La inquietudine per me, e credo anche per molti, non è che l'A.I. sostituirà seriamente gli artisti. Non conosco un solo artista che creda che A.I. è in grado di produrre sceneggiature, poesie, arte o musica che rivaleggiano con quelle della creazione umana. Direi che quello che A.I. produce non è affatto arte. La vera preoccupazione, tuttavia, è come una nuova generazione di esseri umani inizierà a percepire la bellezza, l’impossibile, lo spirito che è la creazione umana. Mentre l'A.I. non può produrre grandi cose, può produrre cose rapidamente, il che gli conferisce un’attrazione che il duro lavoro e l’artigianato vecchio stile non possono eguagliare. Vale a dire, gli esseri umani, ancora una volta, sceglieranno il veloce, l’opportuno, il facile, il nuovo e brillante? E se sì, cosa avremo perso in questo processo?
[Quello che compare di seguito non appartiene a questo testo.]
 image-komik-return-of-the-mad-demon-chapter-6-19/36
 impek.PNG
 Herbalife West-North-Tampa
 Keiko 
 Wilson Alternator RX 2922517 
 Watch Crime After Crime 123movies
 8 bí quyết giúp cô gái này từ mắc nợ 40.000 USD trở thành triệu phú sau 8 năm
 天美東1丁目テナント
Cosa ne faremmo di un mondo futuro in cui ci fosse ancora meno apprezzamento per l’arte umana?
Non voglio immaginare un mondo futuro in cui la televisione e i film sono scritti dai computer, i testi sono vocalizzati da robot senza testa e le poesie e i dipinti sono composti da un menu a discesa dei padroni delle grandi aziende. Non ne vedo il valore. Non ne vedo la bellezza. Il processo è troppo importante. A.I. può solo fornire output.
Se un pasto fatto in casa è arte, allora A.I. è una cena TV congelata e scaldata al microonde.
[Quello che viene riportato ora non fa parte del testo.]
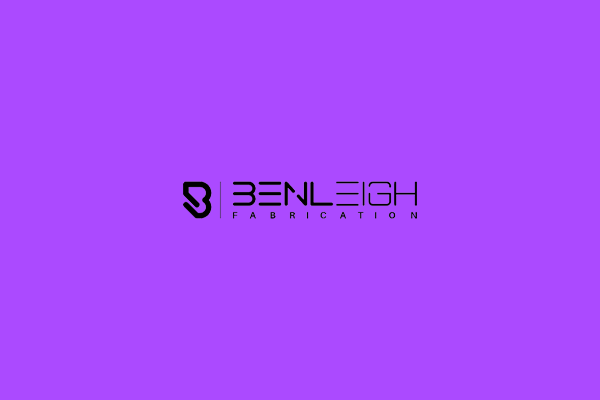 Benleigh Fabrication
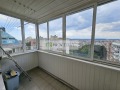 Под наем 3-СТАЕН, град Варна, Чаталджа • 500 € • 97979078 — Holmes.bg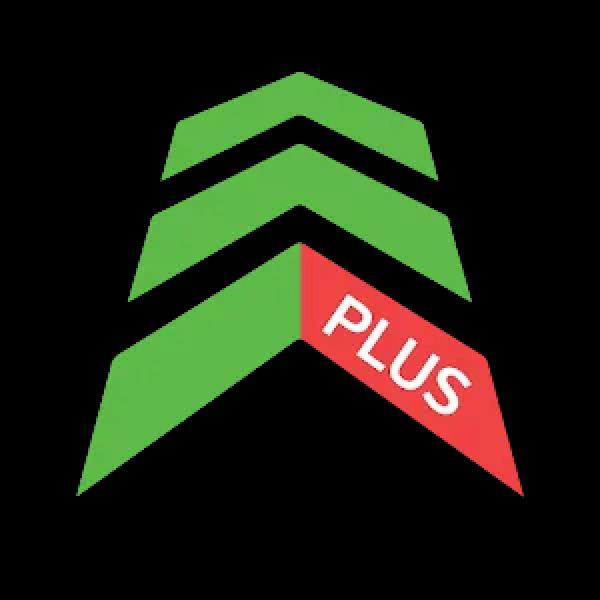 CamSam PLUS v3.9.4 APK (Full Version) Download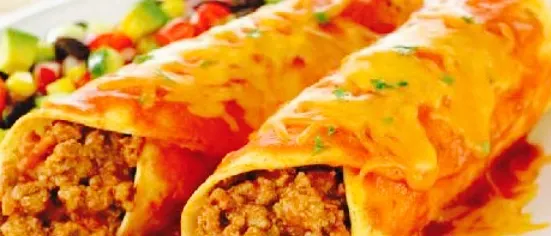 Taco Twists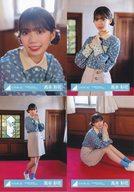 【中古】生写真(坂道シリーズ)/アイドル/日向坂46 ◇高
Coloro che propongono l'A.I. come forma d'arte, culturalmente sono feticisti della tecnologia con al suo interno una sorta di desiderio di morte, la volontà, il bisogno, di vivere nella matrice della macchina. E con l'adozione di questa estetica si arriva al progresso tecnologico fine a sé stesso.
Nel caso dell’arte, A.I. né può né dovrebbe invadere questo campo. Ma ciò non impedirà a un’ampia fascia di umanità di giocare con il loro nuovo giocattolo, in sostituzione di quello reale. In questo modo, non è l’arte quella che rimpiangeremo, ma l’umanità e il processo di autoriflessione, introspezione ed espressione che nasce dal processo creativo.
P.S. Dopo di ciò, vi invito a fissare l'opera persente all'inizio del post e se non sentite nessuna vibrazione, il virus del tecnicismo ha già messo piede.